***** RECORDED DATA

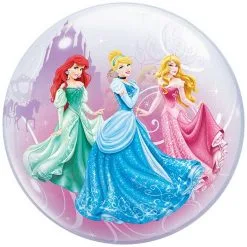 Disney Princess Bubble Balloon - La Belle Et La Bete Soldes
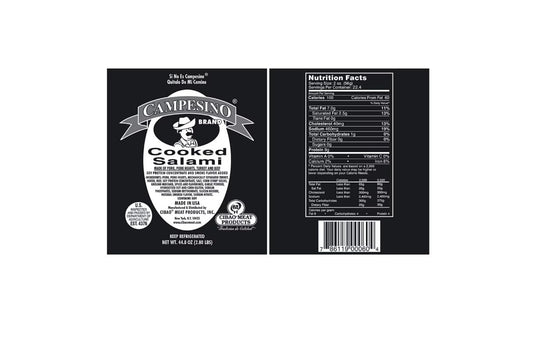 CAMPESINO COOKED SALAMI SNACK PACK – 2.7 LB EACH – PACK OF 3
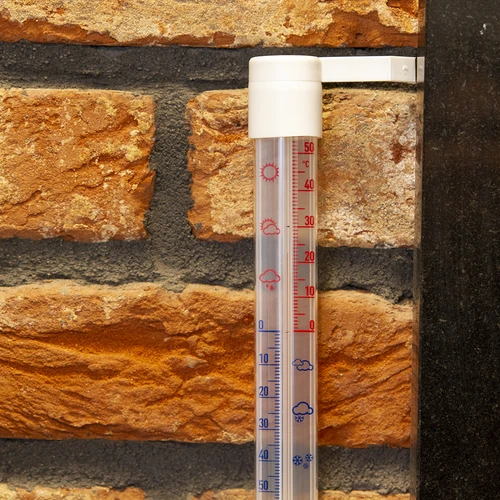 Ulkotermometri läpinäkyvällä asteikolla (-70°C - +50°C) 23cm mix - 6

**********

Skip the pictures. Write out exactly the lines from the one with "CAMPESINO COOKED SALAMI" through the last line of the listing, both ends included, and nothing more.

▸ **OUTPUT FOR THIS TASK**:
 CAMPESINO COOKED SALAMI SNACK PACK – 2.7 LB EACH – PACK OF 3
 Ulkotermometri läpinäkyvällä asteikolla (-70°C - +50°C) 23cm mix - 6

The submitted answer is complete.